3. created a limited open enrollment period;

4. required enrollment in one of 13 (now 12) “benchmark” plans; and

5. eliminated coverage (effective January 1, 2010) for drugs not in a Part D plan's formulary and as a corollary eliminated the state-funded Supplemental Needs Fund, which paid for these drugs.

PA 11-44

The 2011 legislature essentially mandates that ConnPACE recipients move into the MSP by eliminating ConnPACE for anyone eligible for Medicare. PA 11-44, 88-90, made this change, which took effect July 1, 2011. (The legislature also repealed the statute that required DSS, under the ConnPACE program, to pay for Medicare Part D excluded drugs.)

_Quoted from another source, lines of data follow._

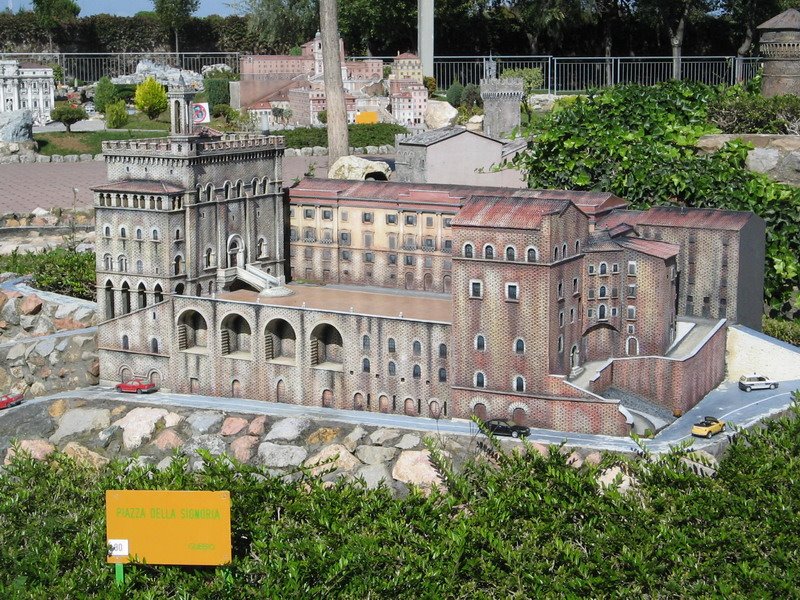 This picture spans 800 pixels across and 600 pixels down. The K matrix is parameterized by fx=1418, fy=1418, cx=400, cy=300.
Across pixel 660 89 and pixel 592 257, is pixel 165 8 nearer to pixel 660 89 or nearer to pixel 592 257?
pixel 660 89

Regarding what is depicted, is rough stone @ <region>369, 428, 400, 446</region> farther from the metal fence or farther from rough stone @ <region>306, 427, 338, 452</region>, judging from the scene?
the metal fence

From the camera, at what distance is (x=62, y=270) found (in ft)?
225

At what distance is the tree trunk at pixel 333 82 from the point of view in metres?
76.4

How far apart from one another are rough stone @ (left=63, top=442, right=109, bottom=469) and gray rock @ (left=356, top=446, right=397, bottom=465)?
32.8 ft

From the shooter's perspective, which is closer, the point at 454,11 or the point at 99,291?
the point at 99,291

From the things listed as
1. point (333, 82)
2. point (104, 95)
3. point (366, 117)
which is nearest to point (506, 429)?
point (333, 82)

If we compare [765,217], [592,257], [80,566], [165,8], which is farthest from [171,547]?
[165,8]

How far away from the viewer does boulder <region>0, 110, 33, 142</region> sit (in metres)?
95.5

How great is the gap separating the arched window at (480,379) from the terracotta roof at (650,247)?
7.94m

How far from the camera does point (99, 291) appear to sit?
61469 millimetres

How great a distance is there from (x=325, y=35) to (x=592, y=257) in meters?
27.4

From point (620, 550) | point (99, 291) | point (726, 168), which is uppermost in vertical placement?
point (726, 168)

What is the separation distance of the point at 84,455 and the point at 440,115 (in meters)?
44.9

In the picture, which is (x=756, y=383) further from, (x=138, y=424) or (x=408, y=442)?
(x=138, y=424) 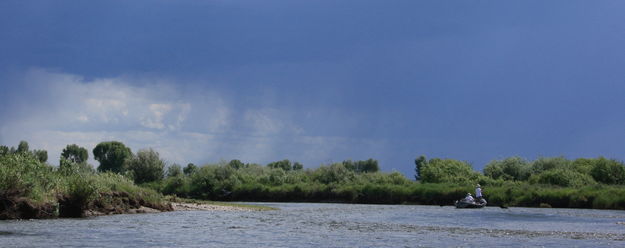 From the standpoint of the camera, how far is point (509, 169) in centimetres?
12788

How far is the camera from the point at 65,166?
60.7 metres

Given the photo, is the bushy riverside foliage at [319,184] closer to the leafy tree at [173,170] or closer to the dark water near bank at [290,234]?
the leafy tree at [173,170]

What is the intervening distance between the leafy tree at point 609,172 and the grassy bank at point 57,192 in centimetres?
7684

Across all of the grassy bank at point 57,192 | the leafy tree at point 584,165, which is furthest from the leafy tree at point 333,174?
the grassy bank at point 57,192

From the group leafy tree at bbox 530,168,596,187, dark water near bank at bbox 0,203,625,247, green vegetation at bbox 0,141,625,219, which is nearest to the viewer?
dark water near bank at bbox 0,203,625,247

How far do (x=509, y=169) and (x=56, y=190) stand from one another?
92.6 metres

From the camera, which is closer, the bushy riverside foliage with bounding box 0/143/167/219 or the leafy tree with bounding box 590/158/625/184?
the bushy riverside foliage with bounding box 0/143/167/219

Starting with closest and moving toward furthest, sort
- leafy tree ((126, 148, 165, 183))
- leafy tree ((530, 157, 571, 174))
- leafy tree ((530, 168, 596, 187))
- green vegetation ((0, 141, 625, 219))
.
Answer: green vegetation ((0, 141, 625, 219)), leafy tree ((530, 168, 596, 187)), leafy tree ((530, 157, 571, 174)), leafy tree ((126, 148, 165, 183))

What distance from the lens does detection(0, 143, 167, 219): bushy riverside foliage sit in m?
50.1

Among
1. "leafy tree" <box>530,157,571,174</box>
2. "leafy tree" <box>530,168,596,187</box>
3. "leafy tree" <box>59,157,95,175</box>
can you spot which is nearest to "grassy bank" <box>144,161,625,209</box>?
"leafy tree" <box>530,168,596,187</box>

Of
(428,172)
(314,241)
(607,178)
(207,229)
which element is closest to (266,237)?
(314,241)

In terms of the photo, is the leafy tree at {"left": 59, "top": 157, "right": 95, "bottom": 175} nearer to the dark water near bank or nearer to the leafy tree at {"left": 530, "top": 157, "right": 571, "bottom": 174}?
the dark water near bank

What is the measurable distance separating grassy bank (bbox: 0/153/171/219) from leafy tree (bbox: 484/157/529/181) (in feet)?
258

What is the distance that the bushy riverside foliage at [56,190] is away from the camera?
5006cm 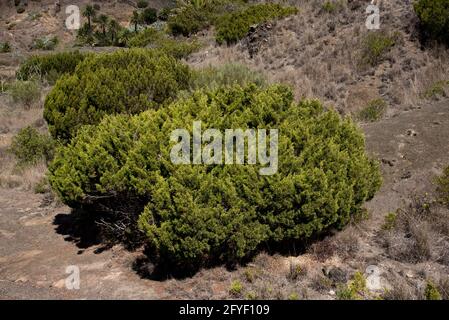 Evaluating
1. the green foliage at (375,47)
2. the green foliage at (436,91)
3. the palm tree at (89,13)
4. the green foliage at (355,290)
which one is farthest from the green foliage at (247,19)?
the palm tree at (89,13)

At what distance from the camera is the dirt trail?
5.18 metres

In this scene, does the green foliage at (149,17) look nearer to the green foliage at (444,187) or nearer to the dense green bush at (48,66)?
the dense green bush at (48,66)

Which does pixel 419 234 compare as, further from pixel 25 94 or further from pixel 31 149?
pixel 25 94

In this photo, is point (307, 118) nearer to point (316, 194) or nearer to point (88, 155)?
point (316, 194)

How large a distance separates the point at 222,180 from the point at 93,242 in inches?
98.3

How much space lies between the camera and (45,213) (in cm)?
802

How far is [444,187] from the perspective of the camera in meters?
6.36

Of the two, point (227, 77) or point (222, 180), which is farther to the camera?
point (227, 77)

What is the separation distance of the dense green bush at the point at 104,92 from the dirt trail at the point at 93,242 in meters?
1.59

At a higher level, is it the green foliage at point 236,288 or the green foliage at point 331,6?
the green foliage at point 331,6

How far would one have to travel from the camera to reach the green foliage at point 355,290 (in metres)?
4.60

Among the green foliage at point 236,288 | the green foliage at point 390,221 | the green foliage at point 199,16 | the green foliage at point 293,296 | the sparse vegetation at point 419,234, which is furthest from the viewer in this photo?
the green foliage at point 199,16

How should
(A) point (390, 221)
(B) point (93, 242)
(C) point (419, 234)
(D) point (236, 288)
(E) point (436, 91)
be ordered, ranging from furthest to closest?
(E) point (436, 91), (B) point (93, 242), (A) point (390, 221), (C) point (419, 234), (D) point (236, 288)

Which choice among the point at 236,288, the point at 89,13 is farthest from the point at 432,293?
the point at 89,13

People who are ineligible for Medicare (mostly younger individuals with permanent disabilities who have not yet qualified for Medicare and some seniors) continue to get drug assistance from the program.

Attachment 1: MSP Program—Eligibility and Benefits (Single Person)


Financial Eligibility in 2011 [1] (for Single Person)

Cost Sharing Paid by DSS

Value of Cost Sharing in 2011

Qualified Medicare Beneficiary (QMB)

Income: 100% of federal poverty level (FPL) ($10,890 per year); Assets: less than $4,000

Medicare Part A (hospital and limited skilled nursing facility) premiums, deductibles, and coinsurance;

Part B (physician and other outpatient services) premiums, coinsurance and deductibles

Part A premium: $248 per month

Part A deductible: various, including $1,132 for first 60 days of inpatient hospitalization

Part B premium: Various, depending on income; $96.40 per month for income up to $85,000

Part B deductible: $162

Specified Low-Income Beneficiaries (SLMB)

Income: 100-120% of FPL ($10,890 to $13,068 yearly)

Assets: less than $4,000

Medicare Part B premiums

See above

Qualified Individual (QI)[2]

Income: 120-135% of FPL ($13,068 to $14,702 yearly)

Assets: No test

Medicare Part B premium

See above

[1] The FPL rises each year.

[2] States receive a limited amount of federal money from which they pay on a first-come, first-served basis.